__What to work on__
An exact copy is needed of the lines in the entries below from the line with "la tracción 5052" up to and including the line with "North America Reciprocating", and of nothing else. Leave the pictures out.

__Supplied records__
————
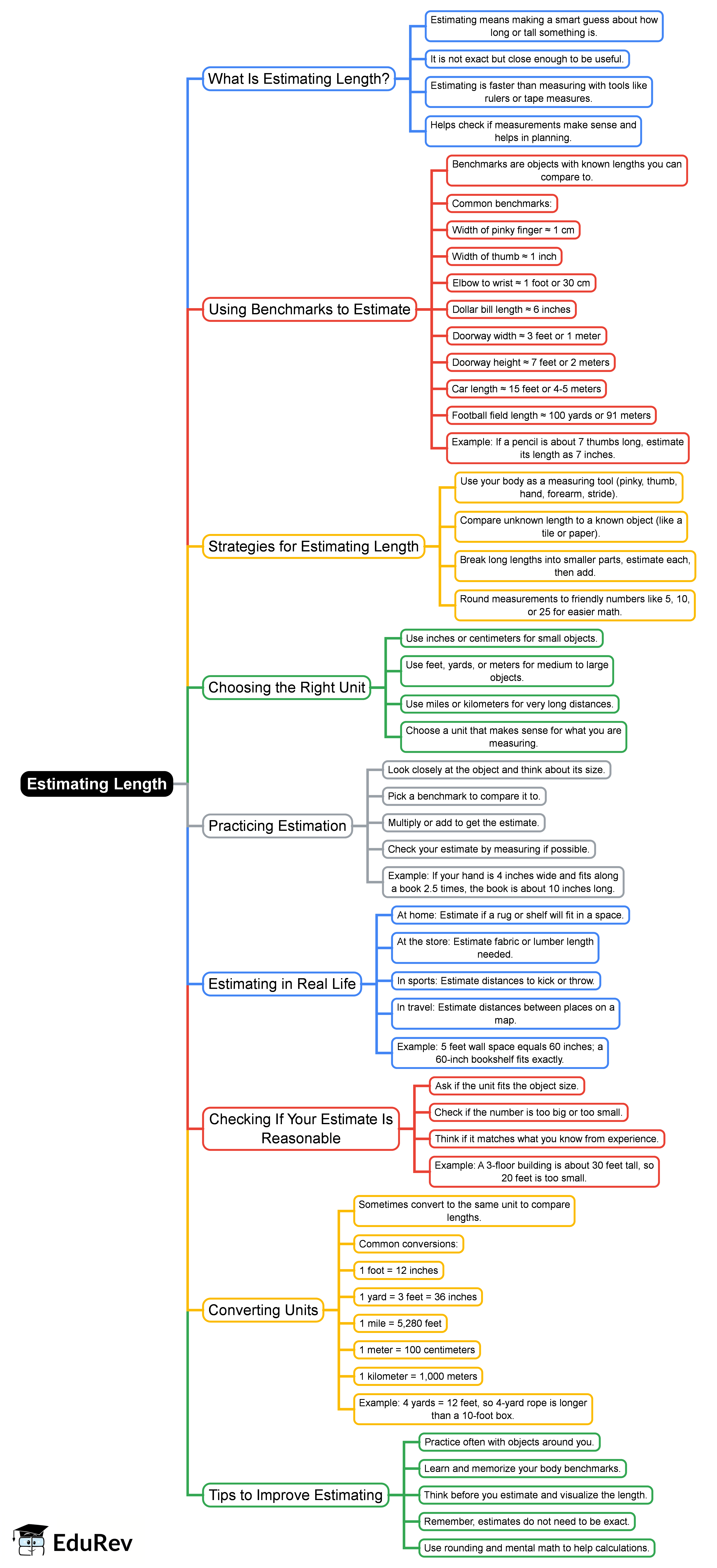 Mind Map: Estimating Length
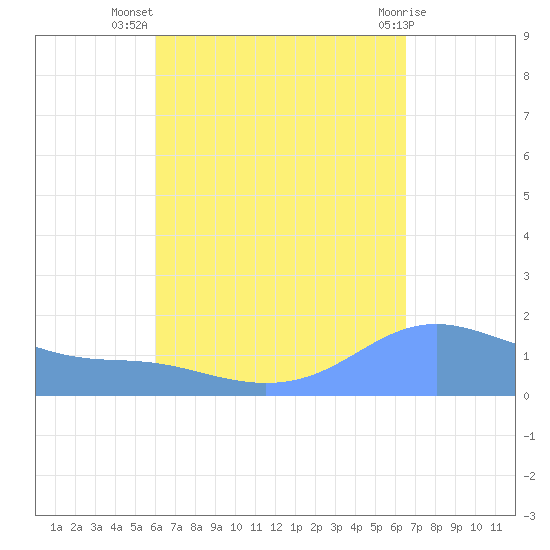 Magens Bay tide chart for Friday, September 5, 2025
————
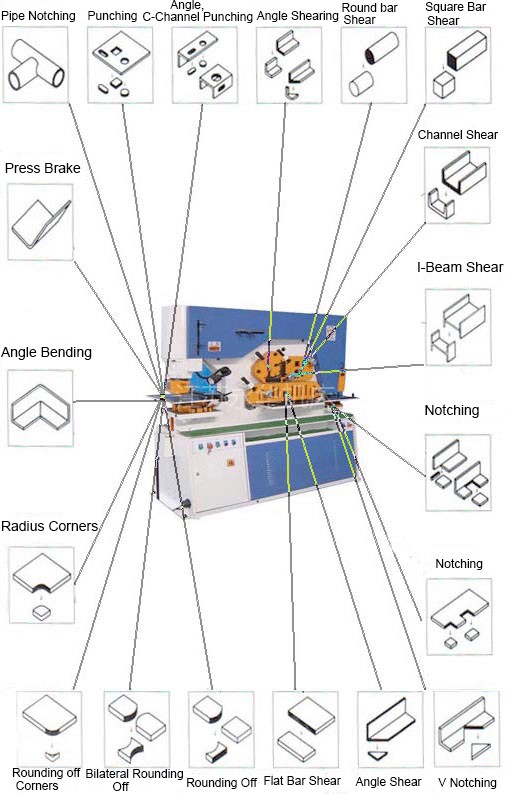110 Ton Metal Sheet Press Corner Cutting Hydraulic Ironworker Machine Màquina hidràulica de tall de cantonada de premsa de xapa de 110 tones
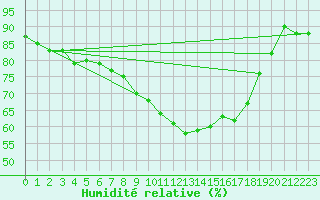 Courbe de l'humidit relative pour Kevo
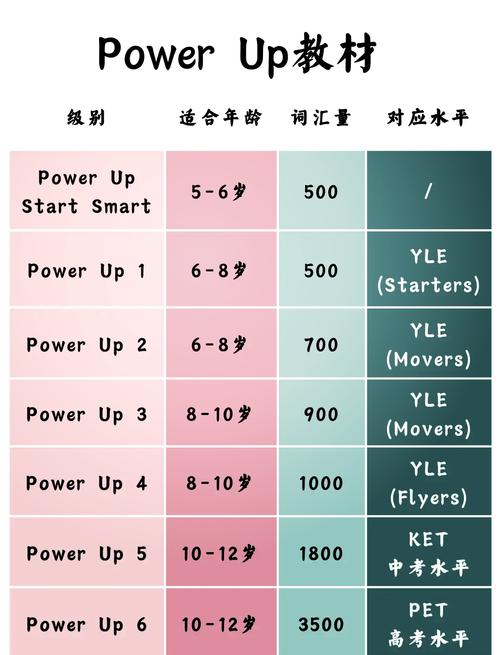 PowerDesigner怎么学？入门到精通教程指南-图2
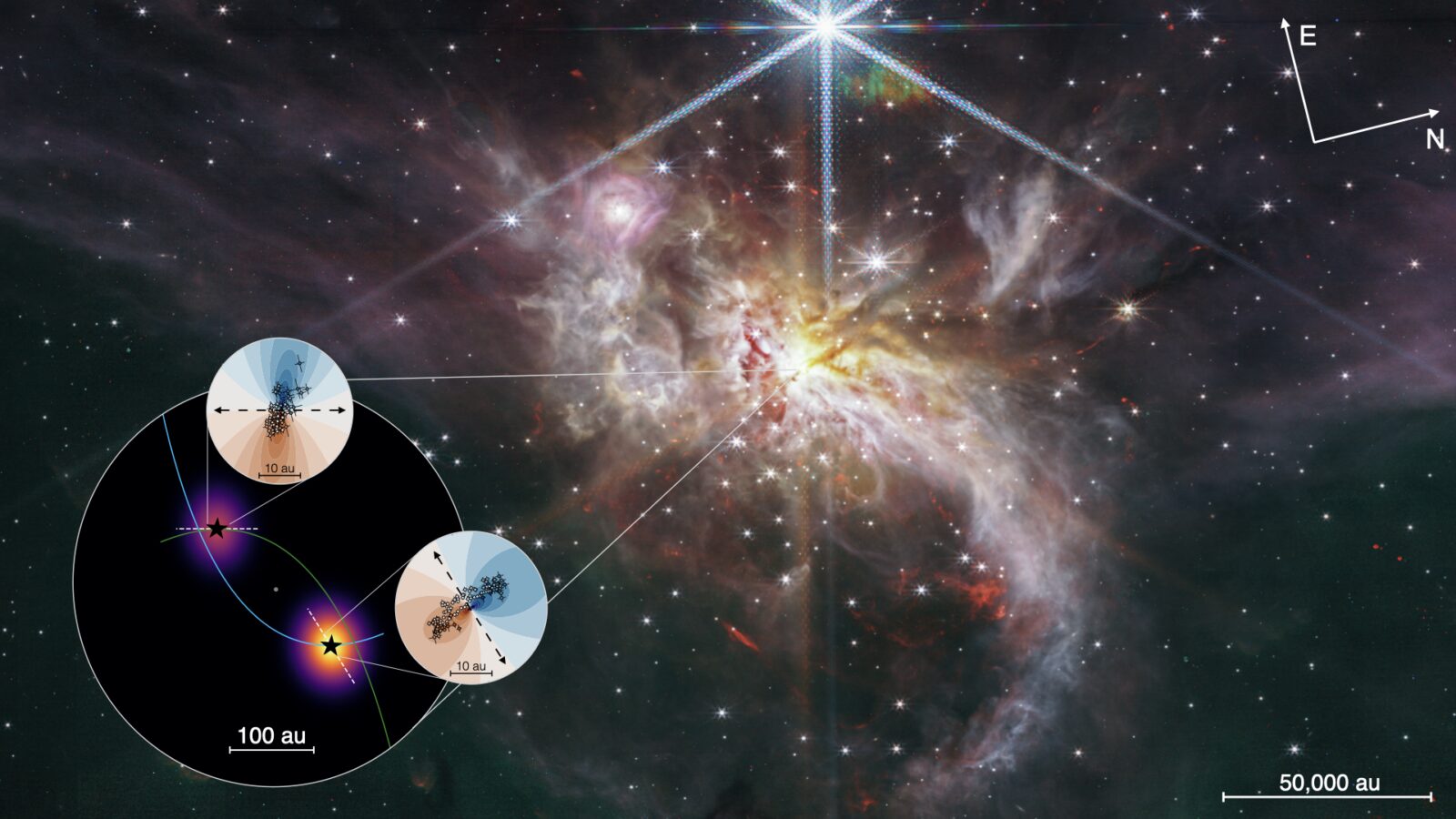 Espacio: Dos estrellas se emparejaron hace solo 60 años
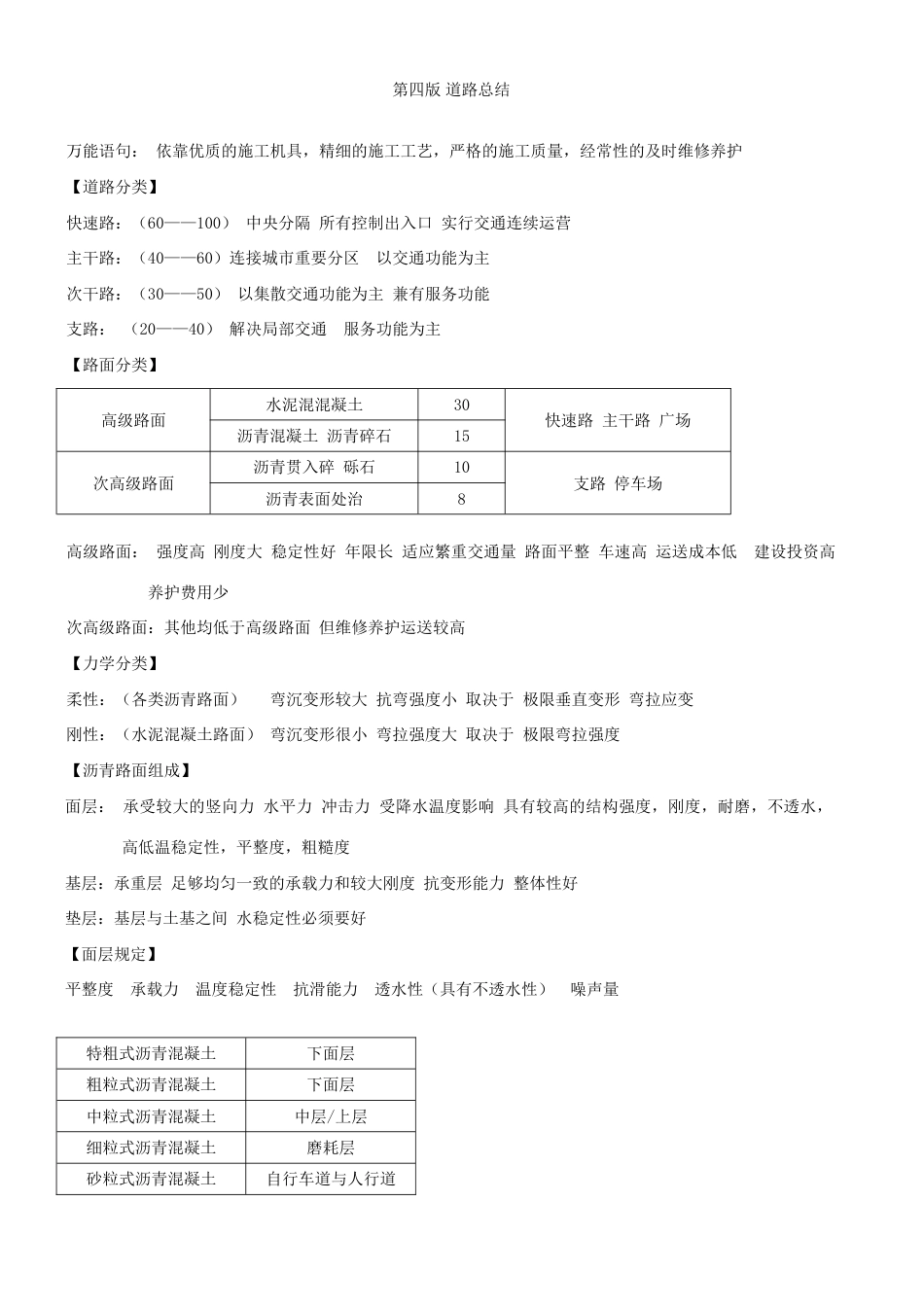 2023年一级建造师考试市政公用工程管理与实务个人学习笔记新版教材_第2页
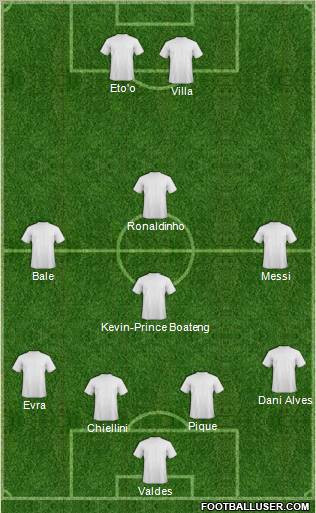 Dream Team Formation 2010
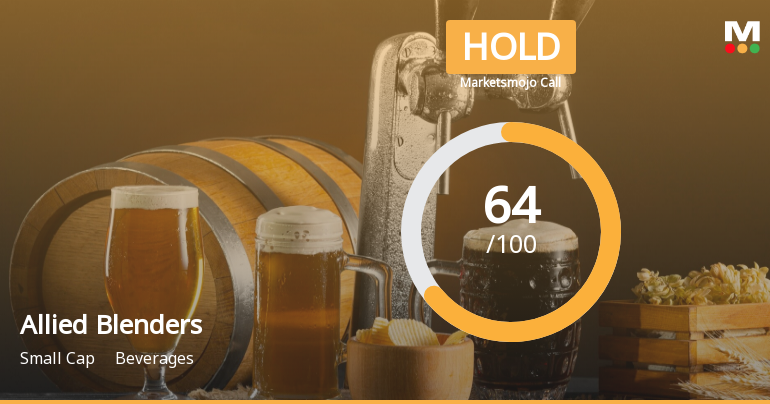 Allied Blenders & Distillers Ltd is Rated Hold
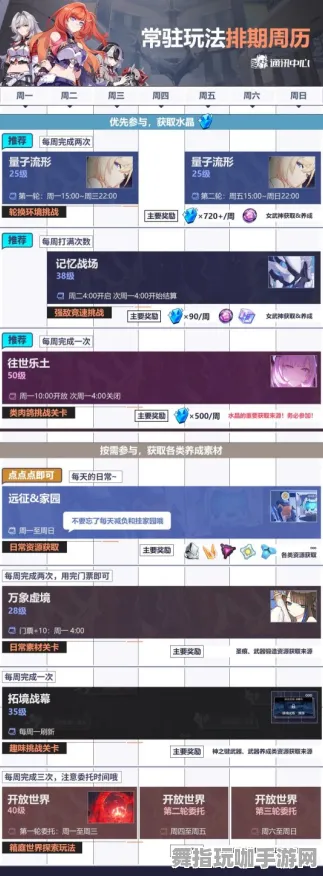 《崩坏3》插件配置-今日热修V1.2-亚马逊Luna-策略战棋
————
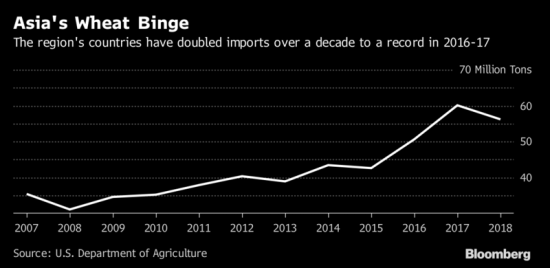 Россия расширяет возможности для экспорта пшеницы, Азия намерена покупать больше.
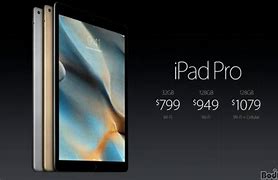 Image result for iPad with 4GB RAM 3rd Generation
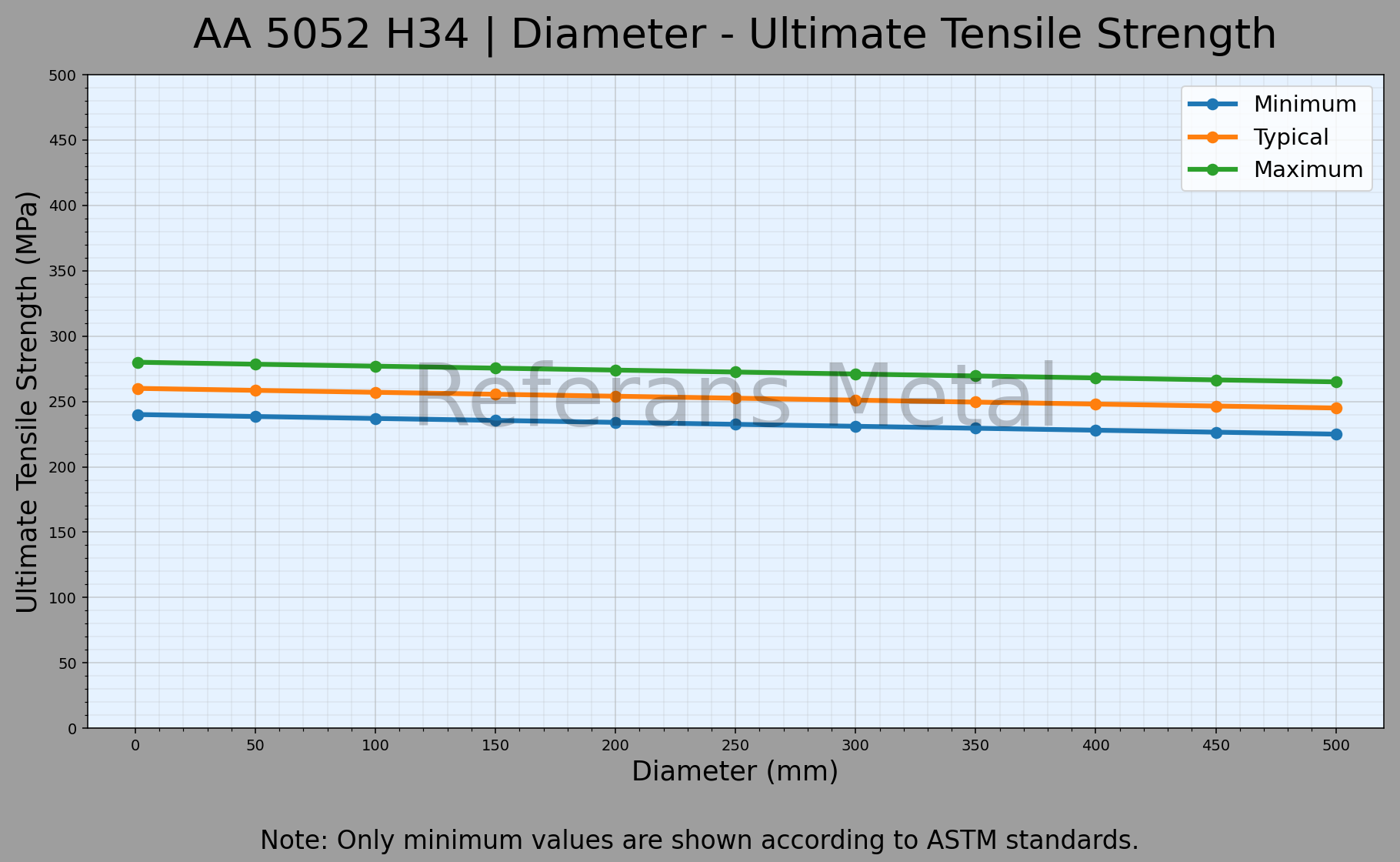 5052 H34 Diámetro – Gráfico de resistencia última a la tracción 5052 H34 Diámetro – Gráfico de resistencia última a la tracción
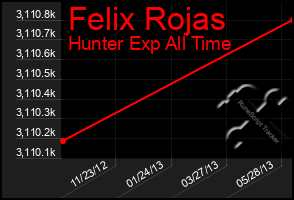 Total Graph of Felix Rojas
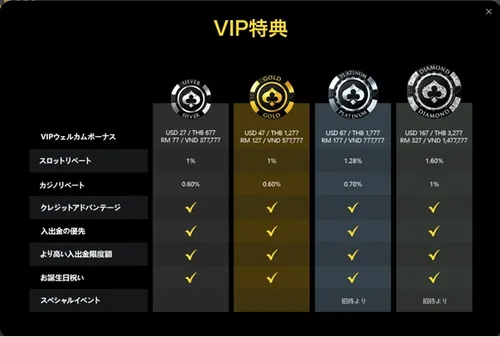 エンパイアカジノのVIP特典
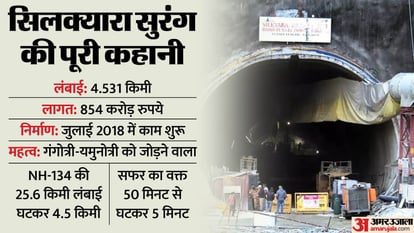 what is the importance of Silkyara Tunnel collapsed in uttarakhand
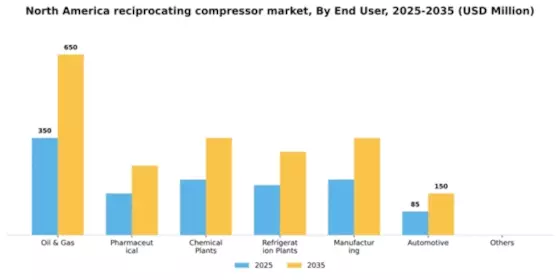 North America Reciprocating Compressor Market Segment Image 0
————
__Task answer__
 5052 H34 Diámetro – Gráfico de resistencia última a la tracción 5052 H34 Diámetro – Gráfico de resistencia última a la tracción
 Total Graph of Felix Rojas
 エンパイアカジノのVIP特典
 what is the importance of Silkyara Tunnel collapsed in uttarakhand
 North America Reciprocating Compressor Market Segment Image 0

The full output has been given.